Gambar 3. Pengaruh ablasi tangkai mata terhadap kadar prophenoloxidase (proPO) hemolymph dan phenoloxidase activity (PO) pada Litopenaeus vannamei yang di ablasi secara unilateral (U), bilateral (B) dan kontrol (C).
      Fungsi sistem pertahanan humoral dan seluler  telah diselidiki secara luas pada krustasea dan serangga (untuk review lihat Olafsen 1988; Johanson dan Söderhäll 1989; Vargas-Albores 1995). Penelitian terbaru pada serangga menunjukkan bahwa beberapa sistem neuroendokrin memodulasi sistem pertahanan humoral dan seluler. Unilateral ablasi pada Farfantepenaeus  paulensis betina menyebabkan penurunan total hemosit (Perazzolo et al. 2002; Hernandez et al. 2008). Dalam investigasi yang dilakukan oleh Maggioni et al. (2004) pada L. vannamei, diperoleh penurunan yang tidak signifikan. Dalam penelitian tersebut, non signifikan tren, terkait dengan tingkat EA hanya diperoleh pada jantan. Pada Drosophila melanogaster, Sorentino et al. (2002) menemukan bahwa kekurangan dari ecdysteroids membahayakan respon imun selular, mengurangi hemosit proliferasi dan enkapsulasi.

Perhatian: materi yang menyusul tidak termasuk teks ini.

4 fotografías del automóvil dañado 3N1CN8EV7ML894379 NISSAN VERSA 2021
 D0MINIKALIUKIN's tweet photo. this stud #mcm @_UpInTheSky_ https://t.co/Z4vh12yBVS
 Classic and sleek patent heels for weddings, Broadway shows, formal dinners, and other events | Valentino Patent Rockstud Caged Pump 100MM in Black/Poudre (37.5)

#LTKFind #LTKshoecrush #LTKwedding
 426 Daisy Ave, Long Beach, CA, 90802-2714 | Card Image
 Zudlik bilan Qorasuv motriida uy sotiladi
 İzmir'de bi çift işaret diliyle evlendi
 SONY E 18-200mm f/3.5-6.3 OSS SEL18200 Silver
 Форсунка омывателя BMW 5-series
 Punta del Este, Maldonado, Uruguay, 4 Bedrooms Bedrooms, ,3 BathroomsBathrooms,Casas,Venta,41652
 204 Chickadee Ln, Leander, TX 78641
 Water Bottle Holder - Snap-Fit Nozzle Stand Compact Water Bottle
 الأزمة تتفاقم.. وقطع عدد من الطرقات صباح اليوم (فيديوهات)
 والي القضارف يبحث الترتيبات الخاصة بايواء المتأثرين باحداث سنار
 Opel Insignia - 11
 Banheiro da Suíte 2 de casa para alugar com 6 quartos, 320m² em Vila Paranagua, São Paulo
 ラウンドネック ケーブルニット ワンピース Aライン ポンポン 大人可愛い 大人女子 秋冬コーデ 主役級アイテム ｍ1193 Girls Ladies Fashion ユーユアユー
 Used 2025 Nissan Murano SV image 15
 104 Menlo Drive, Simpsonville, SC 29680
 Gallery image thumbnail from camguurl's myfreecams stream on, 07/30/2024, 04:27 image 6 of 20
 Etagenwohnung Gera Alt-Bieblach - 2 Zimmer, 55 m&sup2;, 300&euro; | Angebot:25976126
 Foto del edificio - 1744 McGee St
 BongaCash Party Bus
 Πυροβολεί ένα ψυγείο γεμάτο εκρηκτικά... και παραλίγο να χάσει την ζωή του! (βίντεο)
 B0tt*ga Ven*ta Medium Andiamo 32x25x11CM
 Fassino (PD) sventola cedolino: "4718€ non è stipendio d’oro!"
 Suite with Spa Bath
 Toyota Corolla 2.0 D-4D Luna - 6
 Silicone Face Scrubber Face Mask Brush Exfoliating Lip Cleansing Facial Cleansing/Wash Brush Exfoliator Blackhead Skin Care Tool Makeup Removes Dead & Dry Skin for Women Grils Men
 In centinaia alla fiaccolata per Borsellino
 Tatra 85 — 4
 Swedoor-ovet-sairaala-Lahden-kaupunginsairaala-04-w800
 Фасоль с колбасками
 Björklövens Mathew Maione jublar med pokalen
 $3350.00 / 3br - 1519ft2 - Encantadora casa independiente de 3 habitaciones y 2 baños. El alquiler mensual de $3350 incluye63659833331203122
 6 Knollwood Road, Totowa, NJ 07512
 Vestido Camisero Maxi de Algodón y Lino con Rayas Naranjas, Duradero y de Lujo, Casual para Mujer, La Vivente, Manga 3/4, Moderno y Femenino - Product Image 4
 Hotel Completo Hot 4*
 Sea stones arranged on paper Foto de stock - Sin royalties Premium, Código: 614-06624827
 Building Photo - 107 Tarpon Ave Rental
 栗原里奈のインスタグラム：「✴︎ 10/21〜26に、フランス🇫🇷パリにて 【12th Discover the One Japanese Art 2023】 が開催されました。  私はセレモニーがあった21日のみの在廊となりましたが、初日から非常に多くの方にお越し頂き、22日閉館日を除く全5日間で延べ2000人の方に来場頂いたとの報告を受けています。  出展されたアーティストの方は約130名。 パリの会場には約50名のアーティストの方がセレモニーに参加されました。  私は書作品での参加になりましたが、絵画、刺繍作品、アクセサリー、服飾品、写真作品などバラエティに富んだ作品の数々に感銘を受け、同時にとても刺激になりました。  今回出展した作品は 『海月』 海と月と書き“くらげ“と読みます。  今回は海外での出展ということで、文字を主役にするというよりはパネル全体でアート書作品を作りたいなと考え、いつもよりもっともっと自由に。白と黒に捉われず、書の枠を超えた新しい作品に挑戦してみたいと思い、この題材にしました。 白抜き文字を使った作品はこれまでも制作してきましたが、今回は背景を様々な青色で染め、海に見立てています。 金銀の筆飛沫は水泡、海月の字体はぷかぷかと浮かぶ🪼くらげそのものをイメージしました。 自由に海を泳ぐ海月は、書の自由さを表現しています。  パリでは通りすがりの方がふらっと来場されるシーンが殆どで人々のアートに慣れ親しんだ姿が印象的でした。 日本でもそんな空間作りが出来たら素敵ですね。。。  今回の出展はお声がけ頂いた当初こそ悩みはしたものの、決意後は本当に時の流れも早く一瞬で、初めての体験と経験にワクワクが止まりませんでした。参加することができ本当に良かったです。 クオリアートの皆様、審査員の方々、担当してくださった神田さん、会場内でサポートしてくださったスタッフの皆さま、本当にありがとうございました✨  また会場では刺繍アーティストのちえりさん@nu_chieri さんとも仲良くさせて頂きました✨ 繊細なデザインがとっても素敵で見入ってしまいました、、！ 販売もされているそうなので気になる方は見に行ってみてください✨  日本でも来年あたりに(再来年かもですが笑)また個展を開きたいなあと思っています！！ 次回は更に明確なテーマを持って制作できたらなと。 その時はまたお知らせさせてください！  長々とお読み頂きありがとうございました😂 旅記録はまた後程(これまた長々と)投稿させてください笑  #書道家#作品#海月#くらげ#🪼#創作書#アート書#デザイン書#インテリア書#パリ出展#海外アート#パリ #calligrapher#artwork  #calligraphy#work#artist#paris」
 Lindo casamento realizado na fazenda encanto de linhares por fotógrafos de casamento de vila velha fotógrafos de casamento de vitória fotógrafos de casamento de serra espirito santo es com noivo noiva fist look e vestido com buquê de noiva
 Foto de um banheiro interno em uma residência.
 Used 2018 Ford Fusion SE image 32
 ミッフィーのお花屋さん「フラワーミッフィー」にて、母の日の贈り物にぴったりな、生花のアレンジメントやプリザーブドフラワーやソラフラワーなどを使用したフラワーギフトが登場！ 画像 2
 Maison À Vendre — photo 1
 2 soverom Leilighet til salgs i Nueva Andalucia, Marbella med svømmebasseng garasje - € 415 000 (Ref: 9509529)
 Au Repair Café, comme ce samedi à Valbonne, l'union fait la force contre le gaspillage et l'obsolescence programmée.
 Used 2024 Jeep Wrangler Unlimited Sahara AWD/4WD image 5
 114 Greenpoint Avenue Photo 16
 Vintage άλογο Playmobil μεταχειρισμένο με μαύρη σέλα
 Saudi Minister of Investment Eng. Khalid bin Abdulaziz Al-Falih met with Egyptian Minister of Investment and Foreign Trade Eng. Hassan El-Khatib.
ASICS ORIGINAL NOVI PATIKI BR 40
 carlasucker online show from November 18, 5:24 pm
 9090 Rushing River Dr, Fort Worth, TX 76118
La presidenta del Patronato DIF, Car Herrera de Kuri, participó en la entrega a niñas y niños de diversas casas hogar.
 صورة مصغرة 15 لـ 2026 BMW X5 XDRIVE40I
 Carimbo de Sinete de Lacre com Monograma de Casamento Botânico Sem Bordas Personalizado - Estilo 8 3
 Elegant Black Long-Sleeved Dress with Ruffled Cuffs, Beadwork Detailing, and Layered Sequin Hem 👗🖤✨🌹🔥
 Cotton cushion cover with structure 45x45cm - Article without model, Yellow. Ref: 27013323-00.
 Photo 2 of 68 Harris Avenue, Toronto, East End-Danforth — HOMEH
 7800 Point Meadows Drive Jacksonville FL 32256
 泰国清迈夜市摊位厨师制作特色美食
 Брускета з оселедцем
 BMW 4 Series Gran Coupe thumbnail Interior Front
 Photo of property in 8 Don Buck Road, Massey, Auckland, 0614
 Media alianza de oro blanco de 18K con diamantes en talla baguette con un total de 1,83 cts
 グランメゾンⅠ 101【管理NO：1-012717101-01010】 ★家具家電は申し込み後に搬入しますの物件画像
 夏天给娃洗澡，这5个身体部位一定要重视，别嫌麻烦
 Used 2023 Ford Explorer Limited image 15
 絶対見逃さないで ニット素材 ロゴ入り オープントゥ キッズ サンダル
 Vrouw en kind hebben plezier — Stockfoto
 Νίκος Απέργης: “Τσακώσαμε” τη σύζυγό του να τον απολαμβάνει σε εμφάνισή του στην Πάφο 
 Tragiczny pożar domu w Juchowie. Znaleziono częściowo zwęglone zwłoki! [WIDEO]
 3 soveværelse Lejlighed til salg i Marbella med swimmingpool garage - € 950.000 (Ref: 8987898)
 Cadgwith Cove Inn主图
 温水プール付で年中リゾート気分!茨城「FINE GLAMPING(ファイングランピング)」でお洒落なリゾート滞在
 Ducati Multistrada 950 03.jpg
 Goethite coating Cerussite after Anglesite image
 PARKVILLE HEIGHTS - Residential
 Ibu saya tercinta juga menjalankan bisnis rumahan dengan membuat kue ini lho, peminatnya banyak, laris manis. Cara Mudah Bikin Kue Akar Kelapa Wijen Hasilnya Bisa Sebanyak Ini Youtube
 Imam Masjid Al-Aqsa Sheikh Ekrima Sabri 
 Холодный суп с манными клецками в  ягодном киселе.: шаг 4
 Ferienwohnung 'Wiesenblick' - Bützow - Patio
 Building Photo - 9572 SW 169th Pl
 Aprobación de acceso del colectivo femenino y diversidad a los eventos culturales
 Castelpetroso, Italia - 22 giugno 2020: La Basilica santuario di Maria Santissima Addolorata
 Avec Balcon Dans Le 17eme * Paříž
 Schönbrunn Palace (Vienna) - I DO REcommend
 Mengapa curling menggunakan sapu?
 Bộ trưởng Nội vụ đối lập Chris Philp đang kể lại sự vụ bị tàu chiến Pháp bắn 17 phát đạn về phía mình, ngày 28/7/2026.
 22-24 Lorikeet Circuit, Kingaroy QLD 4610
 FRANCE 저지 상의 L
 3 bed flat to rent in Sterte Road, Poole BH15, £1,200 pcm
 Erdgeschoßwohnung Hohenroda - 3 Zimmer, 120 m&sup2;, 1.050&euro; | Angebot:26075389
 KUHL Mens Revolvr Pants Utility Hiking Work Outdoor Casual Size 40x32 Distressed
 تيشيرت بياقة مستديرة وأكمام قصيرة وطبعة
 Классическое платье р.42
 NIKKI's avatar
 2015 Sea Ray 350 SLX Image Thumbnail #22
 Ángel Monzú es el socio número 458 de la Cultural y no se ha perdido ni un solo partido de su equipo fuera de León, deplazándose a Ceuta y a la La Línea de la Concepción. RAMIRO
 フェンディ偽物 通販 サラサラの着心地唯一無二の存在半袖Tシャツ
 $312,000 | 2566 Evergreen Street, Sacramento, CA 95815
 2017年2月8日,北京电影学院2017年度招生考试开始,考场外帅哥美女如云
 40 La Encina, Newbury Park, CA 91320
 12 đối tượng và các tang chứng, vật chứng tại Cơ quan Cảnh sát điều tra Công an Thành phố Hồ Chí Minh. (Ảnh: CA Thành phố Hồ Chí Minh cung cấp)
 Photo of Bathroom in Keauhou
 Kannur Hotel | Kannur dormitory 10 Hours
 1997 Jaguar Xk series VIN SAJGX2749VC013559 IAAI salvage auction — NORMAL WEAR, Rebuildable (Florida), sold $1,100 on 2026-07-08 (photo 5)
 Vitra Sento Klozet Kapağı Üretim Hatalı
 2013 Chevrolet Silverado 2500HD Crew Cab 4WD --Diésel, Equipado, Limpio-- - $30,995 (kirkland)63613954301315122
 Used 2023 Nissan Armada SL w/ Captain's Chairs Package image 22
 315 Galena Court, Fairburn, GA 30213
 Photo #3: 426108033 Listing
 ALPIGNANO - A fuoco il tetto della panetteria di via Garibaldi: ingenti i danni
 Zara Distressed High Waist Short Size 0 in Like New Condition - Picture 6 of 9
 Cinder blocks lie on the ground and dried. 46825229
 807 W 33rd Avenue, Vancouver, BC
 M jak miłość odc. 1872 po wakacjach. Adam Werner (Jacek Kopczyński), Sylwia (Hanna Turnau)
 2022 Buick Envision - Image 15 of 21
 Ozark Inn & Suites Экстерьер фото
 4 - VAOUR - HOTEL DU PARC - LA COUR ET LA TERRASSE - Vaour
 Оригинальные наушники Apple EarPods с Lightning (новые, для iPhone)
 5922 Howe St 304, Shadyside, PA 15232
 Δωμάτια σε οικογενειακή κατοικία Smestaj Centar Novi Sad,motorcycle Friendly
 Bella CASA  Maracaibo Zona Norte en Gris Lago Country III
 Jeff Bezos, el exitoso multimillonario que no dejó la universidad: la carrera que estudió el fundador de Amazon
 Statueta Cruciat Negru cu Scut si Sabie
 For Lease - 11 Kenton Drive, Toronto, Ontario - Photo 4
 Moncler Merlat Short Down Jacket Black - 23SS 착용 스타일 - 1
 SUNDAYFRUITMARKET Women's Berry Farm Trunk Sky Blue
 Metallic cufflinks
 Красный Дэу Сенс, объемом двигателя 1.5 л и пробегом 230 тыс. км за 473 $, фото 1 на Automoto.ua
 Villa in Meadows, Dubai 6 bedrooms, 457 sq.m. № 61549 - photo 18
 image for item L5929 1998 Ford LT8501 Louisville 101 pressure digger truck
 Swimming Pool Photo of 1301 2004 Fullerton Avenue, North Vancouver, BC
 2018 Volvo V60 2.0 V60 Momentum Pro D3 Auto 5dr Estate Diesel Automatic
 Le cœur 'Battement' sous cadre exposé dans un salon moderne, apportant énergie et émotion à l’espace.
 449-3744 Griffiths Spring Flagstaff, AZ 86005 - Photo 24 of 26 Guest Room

          Penurunan hemocyte tidak signifikan pada udang dengan bilateral ablasi, terutama pada jantan,  juga dapat berkontribusi pada berkurangnya aktivitas proPO yang dihasilkan oleh semi-granular dan granular hemocyte (Sritunyalucksana dan Söderhäll, 2000 dalam Hernandez et al. 2008). Selain itu, penurunan aktifitas PO pada udang dengan bilateral ablasi dapat berakibat langsung terhadap rendahnya level proPO atau menurunya aktifitas (MandongaBoy 20114) proPO-activating enzyme, suatu proteinase serine yang mengubah proPO menjadi PO (Sritunyalucksana dan Söderhäll, 2000). Hernandez et al. (2008)  menemukan pengurangan total PO (proPO + PO) pada F. paulensis yang diablasi secara unilaterall, tetapi  Maggioni et al. (2004) tidak menemukan pengaruh ini pada L. vannamei. Dalam penelitian yang dilakukan oleh Hernandez et al. 2008 dikemukakan bahwa pengurangan total proPO hanya terjadi pada udang dengan bilateral ablasi.
            Selain partisipasi PO dalam sistem pertahanan internal, enzim berpartisipasi dalam proses melanization cuticular pada krustasea dan serangga. Percepatan proses molting yang disebabkan oleh EA mungkin menghasilkan peningkatan produksi melanin melalui PO sistem. Namun, tidak diketahui apakah PO dalam hemocyte berpartisipasi dalam penggabungan melanin dalam exoskeleton. Pada serangga, PO bertanggung jawab untuk melanization cuticular yang diproduksi dalam epidermis (Hiruma dan Riddiford 1993 dalam Hernandez et al. 2008).